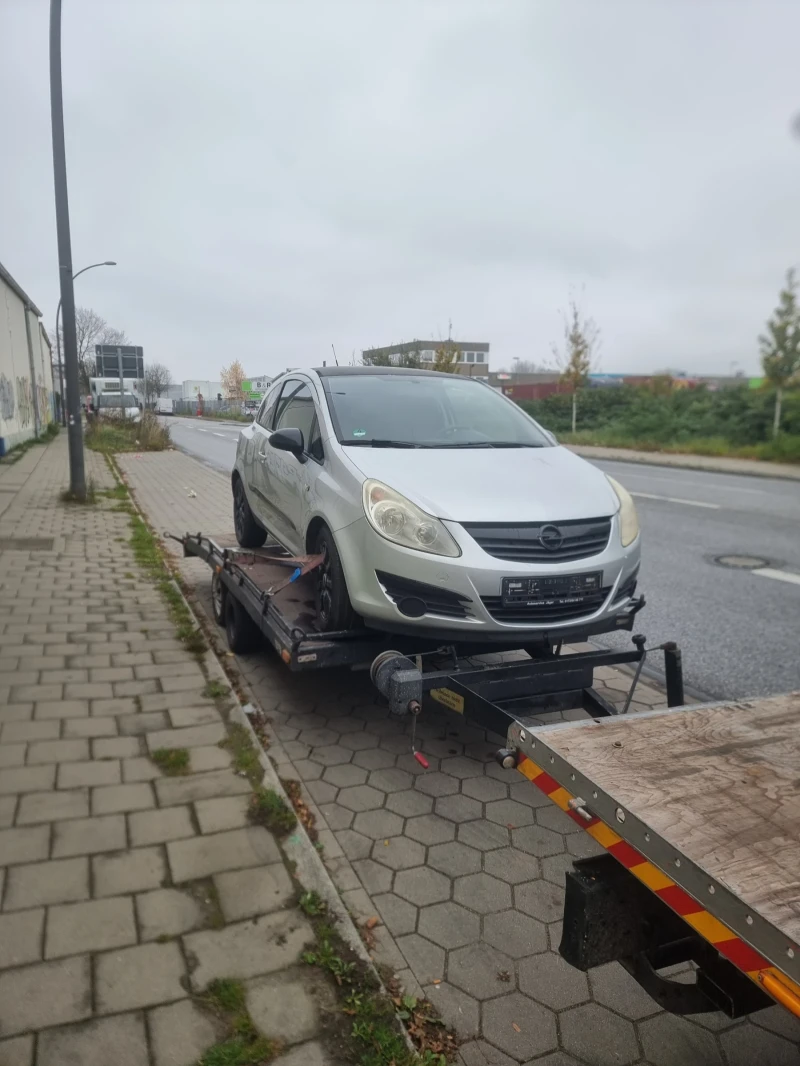 Opel Corsa, снимка 1 - Автомобили и джипове - 48062334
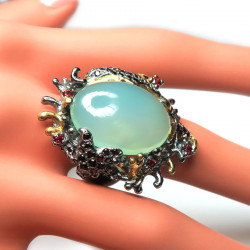 Кольцо с халцедоном, сапфирами и гранатом 1688-er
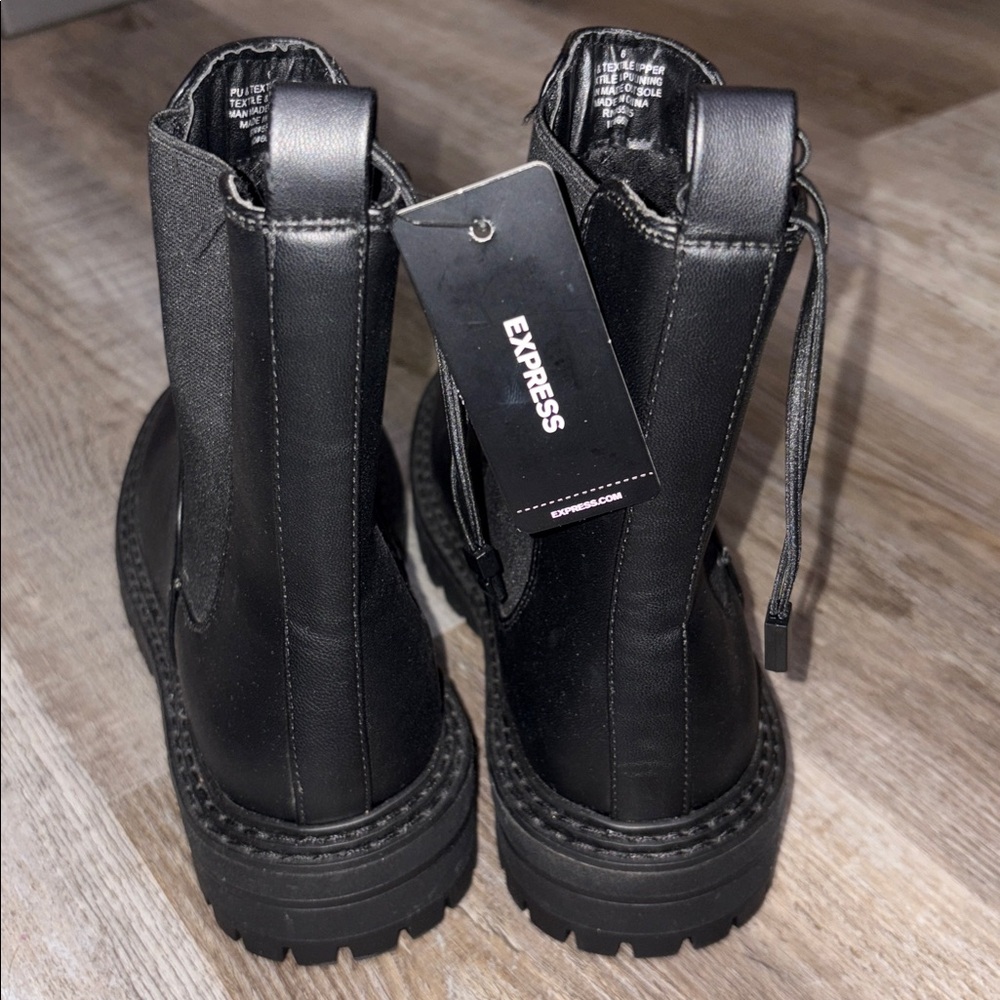 Express Boots - Picture 3 of 5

Task directions:
Take the line containing "Кольцо с халцедоном, сапфирами" through the last line of the material and retype exactly those lines, both ends included, with no pictures.

Solved exercise:
 Кольцо с халцедоном, сапфирами и гранатом 1688-er
 Express Boots - Picture 3 of 5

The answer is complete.